Sulla scia di una passione di famiglia, Matteo Milani, dell’ufficio sicurezza di Sest Limana, s’iscrive al corso per brevetto da pilota all’età di 16 anni, sostenuto moralmente da entrambi i genitori. È il più giovane del corso, e dopo meno di due anni ne esce a pieni voti, eguagliato solo da un altro corsista quarantenne, con l’ambito Brevetto di Comandante di Volo PPL (Private Pilot License). La priorità diventa riuscire a volare il più possibile, e Matteo con la bici o il Ciao, perché non ancora titolare di patente, va nei weekend all’aeroporto di Belluno a fare servizio volontario alla torre di controllo. Come premio, quando pervenivano richieste di fare voli in montagna, lo dicevano a lui e al suo amico d’ali. “La cosa divertente”, ricorda sorridendo Matteo, “era che arrivavano spesso persone di 40-50 anni e si trovavano un pilota che era poco più di un ragazzino”.

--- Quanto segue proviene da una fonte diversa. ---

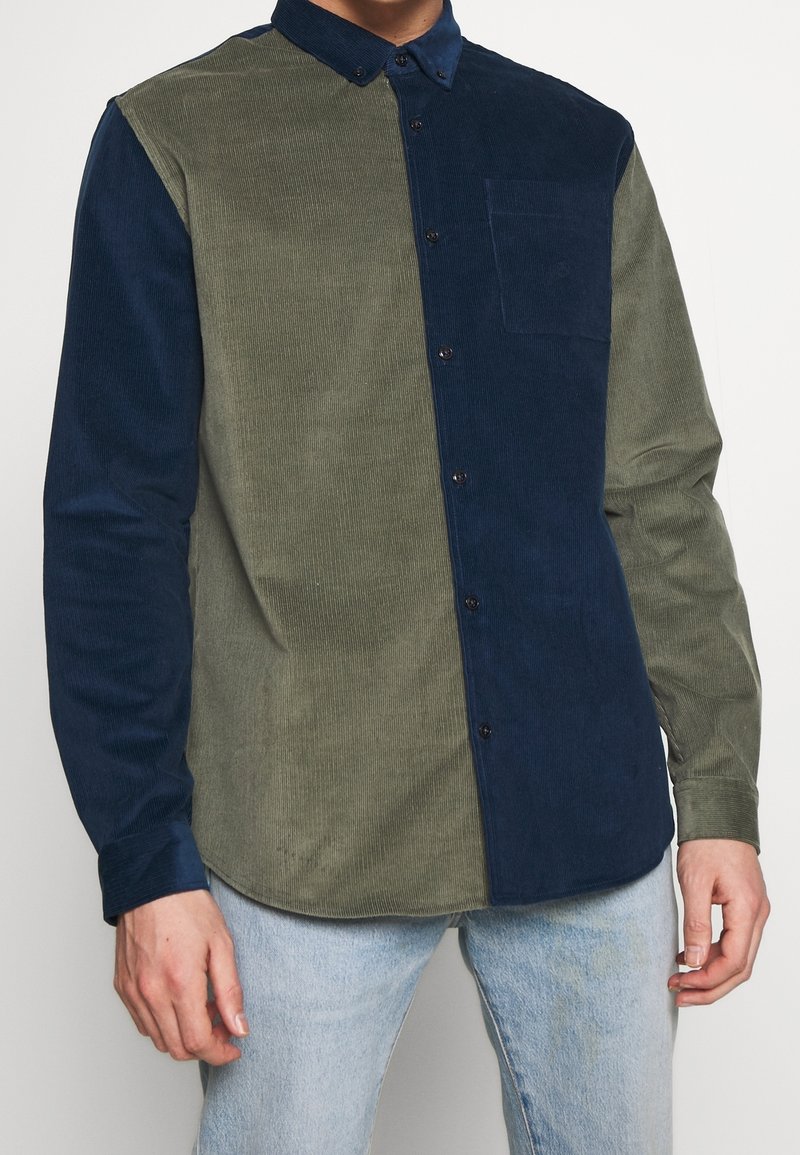 Nappipaita, jossa kaksivärinen muotoilu: toisella puolella oliivinvihreää samettikangasta ja toisella puolella laivastonsinistä, jossa on rintatasku ja napit.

In aereo, Matteo trascina alianti, conduce al lancio paracadutisti e porta a spasso la mamma, gli amici, i colleghi. In mezz’ora, infatti, si può arrivare al Lido di Venezia. Decollano dopo il lavoro, fanno il bagno, uno Spritz sulla spiaggia e sono a casa per cena. Ma i suoi voli preferiti sono in montagna. “Non ci sono paragoni. Ho visto la costa ma non mi entusiasma come un volo in montagna dove paesaggi e colori cambiano dalla mattina alla sera. In primavera i prati verde scuro, in autunno marroni; le montagne dal grigio passano al bianco d’inverno e vedere le formichine sui campi da sci è impagabile, puntini neri sul bianco”.

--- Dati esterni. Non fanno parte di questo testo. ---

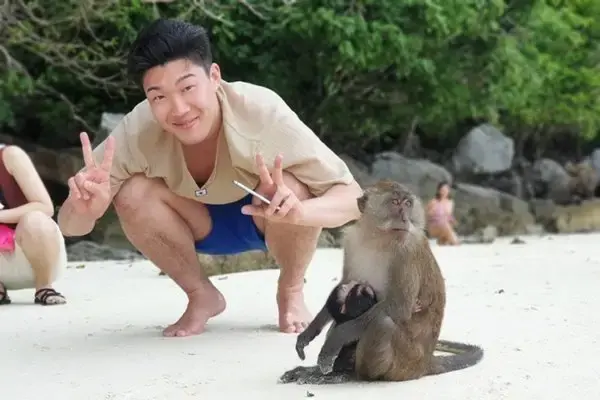 Traveler observing a wild macaque at Monkey Beach during a Phi Phi Island tour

In quota non mancano però i brividi. Durante un volo di prova per manutenzione di un aereo il motore si spegne perché la pompa non pesca carburante. È il panico, la chiamata alla torre di controllo per un atterraggio d’emergenza non ha risposta, Matteo tachicardico e paralizzato scruta l’orizzonte per un prato o il Piave. Mancano 2 km all’aeroporto ed è pericolosamente basso. Alla velocità di 250 km/h, presupposto per un facile schianto, riesce a portarsi sopra la pista d’erba, virare e a fermarsi miracolosamente in 25m. Scende con le mani irrigidite a forma di cloche, le gambe non gli reggono, cade al suolo e bacia il trifoglio che aveva preso come punto di riferimento per la virata. I colleghi a terra, compresa la situazione, lo aiutano in reverenziale silenzio a spingere l’aereo nell’hangar. È felice di poterlo raccontare.